# Feather Flyers on rotary machine



## gamberc (Mar 10, 2008)

has anyone ever tried feather flyers on a rotary machine... hows it work it looks like with time they would just fall apart...how do they hold up and most importantly how do they look. I like the way they look on ground but if you could incorprate those to a rotary machine man those would look sick!


----------



## WLDuckBuster (Dec 16, 2008)

1/2 Piece of EMT with the flyer piece in both ends or wrap elec. Tape around the flyer arm (I have the Sillo one) and put the EMT on that.
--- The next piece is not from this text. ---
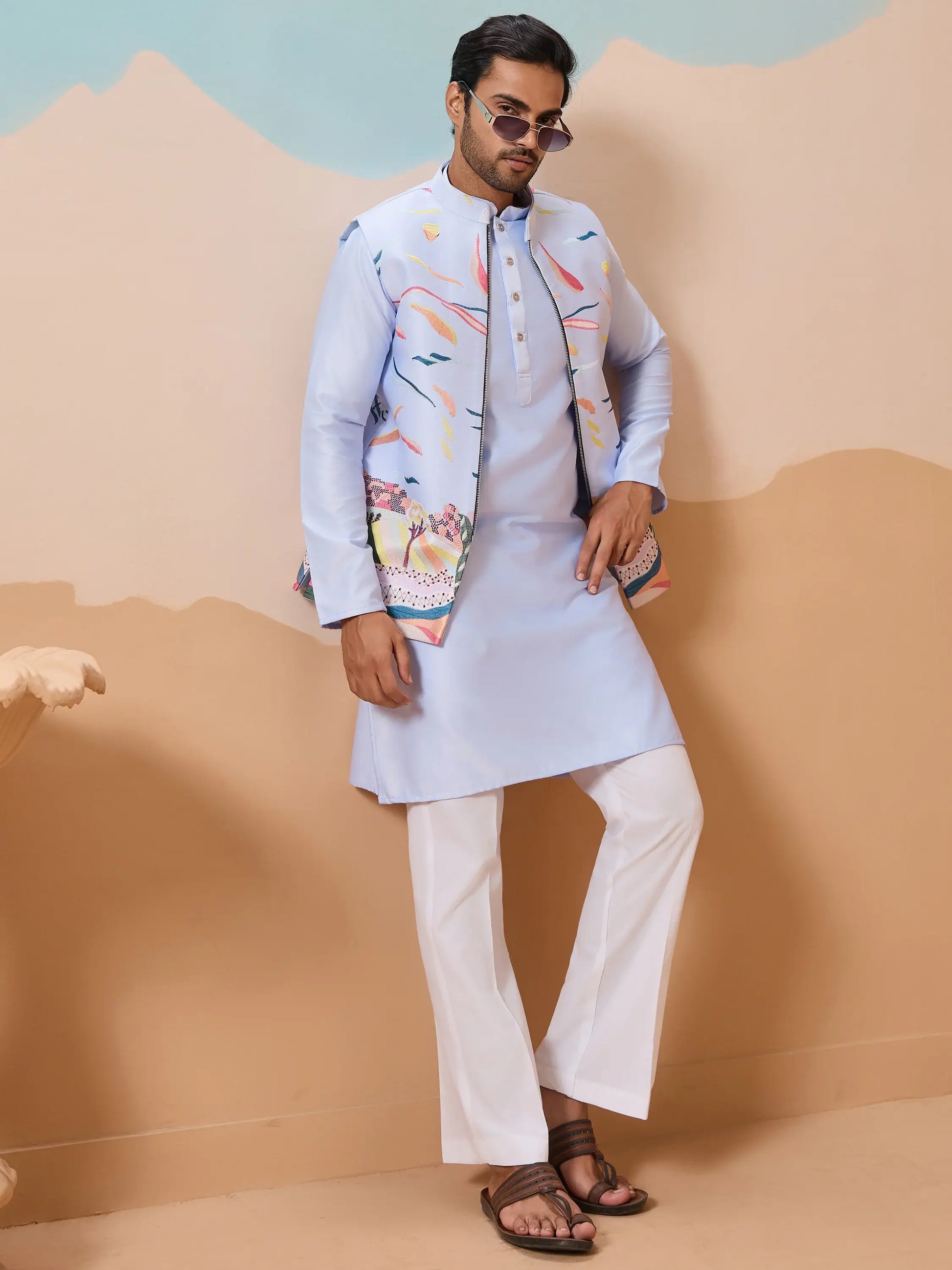 Exceptional Sky Blue Thread Work Silk Function Wear Men Kurta Set With Jacket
Looks good but i still like the sillo flyers


----------



## flight cancled (Aug 28, 2007)

low wind days = sillosock fliers, but on those high wind days without a doubt the feather fliers look good!


----------



## KEN W (Feb 22, 2002)

flight cancled said:


> low wind days = sillosock fliers, but on those high wind days without a doubt the feather fliers look good!
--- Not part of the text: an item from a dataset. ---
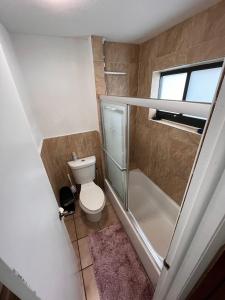 a small bathroom with a toilet and a shower at Bella Stanza in Miami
What difference does it make if you use feather flyers or sillosocks when useing a rotery machine?Isn't it supposed to be for no wind days?


----------



## gamberc (Mar 10, 2008)

yea thanks guys for your answers but i wasnt asking what type of flyer i should get i was just wondering if anyone used feather fliers on rotary machine


----------



## WhiteRockDecoys (Dec 29, 2009)

Last year we experimented with 4 feather flyers on one vortex. I had a friend weld up some arms that would adapt to 4 SS flyers or 4 feather flyers. It worked ok but in the end we put the feather flyers on and left the power off the vortex. We determined it was more hassle that it was worth.


----------



## gamberc (Mar 10, 2008)

ok thanks man


----------